In case you haven't been watching, the newly elected right wing President of Cyprus signed off on a deal that includes a one-time tax on all savings accounts in the country - 6.75% on accounts worth less than €100,000, 9.9% on bigger accounts. (Considering that the IMF and Germany originally wanted 40%, this probably sounded like a pretty good deal.)
The ripples through the financial world have been significant, and the banks in Cyprus closed to avoid the entirely predictable bank runs while ATMs stopped working, giving only messages about "technical difficulty."
The vote was supposed to happen today, but has been pushed back by a day while President Anastasiades tries to gather support in Parliment. (Good luck with that!)
The CEO and founder of a bank in Denmark has written a post about the topic that should send chills down the spine of every liberty lover.
This is a breach of fundamental property rights, dictated to a small country by foreign powers and it must make every bank depositor in Europe shiver. Although the representatives at the bailout press conference tried to present this as a one-off, they were not willing to rule out similar measures elsewhere - not that it would have mattered much as the trust is gone anyway. It is now difficult to expect any kind of limitation to what measures the Troika and EU might take when the crisis really starts to bite.
While he applies the fright to all of Europe, it isn't hard to imagine this type of action coming to America, too - especially with the endless chatter from the left about rich people not paying their fair share. (I digress rhetorically, but why is it that their fair share is quite a bit more than my fair share? Oh, because they have it. And because government said so.)
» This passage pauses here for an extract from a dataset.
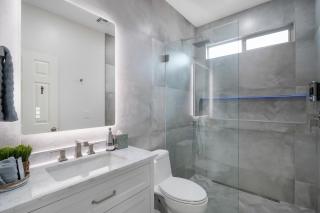 Westgate Retreat, Family & Pet-Friendly 4BR Home - 4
Of course the IMF is on board: "We believe the proposal is sustainable for the Cyprus economy." "The IMF is considering proposing a contribution to the financing of the package ... The exact amount is not yet specified." - International Monetary Fund Person Who Should Be Beat With Her Briefcase Managing Director Christine Lagarde, who managed to slither out of her former position in France just ahead of a potentially career-ending scandal.
This is worse than socialism - this is banksterism. Nobody in Cyprus voted to have the IMF swoop in and manage their funds, and almost none of them are responsible for the current mess that the Cypriotic banks are facing. They are largely ex-pats, who retired to the island and brought their retirement funds with them, and Russian businessmen, probably looking for a haven safe from the eyes of the Russian government. Asserting that any of these people have some fiscal duty to ensure that the banks are alright at all costs is just Pelosi-esque absurdity.
(Too bad In-Trade is shuttered up: I'd like to take 3 months in the bet about how long it will take the media to discover that lots of high ranking government officials pulled their money out of the Cypriotic banks Friday.)
And get this: the main reason the Cyprus banks are in trouble is that many of them had invested in Greece, in an attempt to keep that country afloat. So, they do the wrong thing for the right reason. Happens. But check this out:: the Greek units of Cypriot banks are excluded from the deposit levy.
If you think it can't happen here, remember that right wing economist Greg Mankiw has already suggested using negative interest rates as a method of stimulating the economy. That would entail, say, being able to borrow $100 and only paying back $97. It would, however, also entail withdrawing a lesser amount than originally deposited into deposit accounts. (Gee, what could possibly go wrong there?)
Also remember that nationalizing our 401(k) plans is an idea that occasionally floats back up to the top of the D.C. cesspool. And while current political dialogue usually calls it an Obama scheme, it not only predates his administration, it has also been considered on both sides of the aisle.
From Karl Denninger's blog:
$100 bills in your hand have just been declared to be worth somewhere between 7-10% more than those "deposited" and "stored" in a bank. May I ask the following pertinent and rather timely question: Where are yours?